Elizabeth is an established clinical research expert with a wide network of collaborators and industry experts equipped to manage and deliver the specialised programmes that will comprise her portfolio at Afortiori Bio. She is posed to lead on securing strategic partnerships with key stakeholders to facilitate development of the products in her portfolio.
Elizabeth Ralph, BSc
Chief Operating Officer
Elizabeth is a proven clinical research entrepreneur with 30 years of excellence delivered in company leadership, quality assurance, process refinement, regulatory compliance and global clinical operations She has built a regulatory compliant, full-service Clinical Research Organisation from inception, through to established international operation with an offer to buy achieved in 2022 from a global company with plans for expansion into clinical research services. She has established an international executive and operations team equipped to deliver specialized services to medical device and biopharmaceutical sectors through a comprehensive service portfolio including clinical trial design, management, biostatistics, regulatory affairs, and quality assurance, securing strategic partnerships with niche service providers to offer comprehensive clinical development solutions to clients to enable the delivery of excellent service.

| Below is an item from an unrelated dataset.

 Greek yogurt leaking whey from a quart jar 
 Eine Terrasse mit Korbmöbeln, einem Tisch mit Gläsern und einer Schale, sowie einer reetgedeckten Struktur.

She has led the creation of robust, regulatory compliant, operational frameworks, processes, tools and templates to enable faster clinical development timelines for biotech and pharmaceutical clients and efficient, measurable service delivery.
She served as Co-Chair of the UK CRF Network National Patient & Public Involvement (PPI) workstream, working to improve research and also implemented a quality oversight structure ensuring ICH-GCP compliance and regulatory inspection readiness across facility operations and managed communications and media relations including health TV programming and facility promotion materials. She has led the delivery of multiple service improvement projects for the UK's premier clinical research infrastructure and was instrumental in the securing of £3M+ continued NIHR funding through comprehensive bid coordination and strategic planning.
She has collaborated globally to strive for excellence across clinical operations for one of the world’s largest CROs, lead training activities and regulatory compliance with a first-time approach to quality. She also has a proven track record in regulatory inspection preparation and audit management. She is currently scaling Afortiori Bio as Chief Operating Officer and is poised to create the necessary infrastructure needed to scale the required operational framework.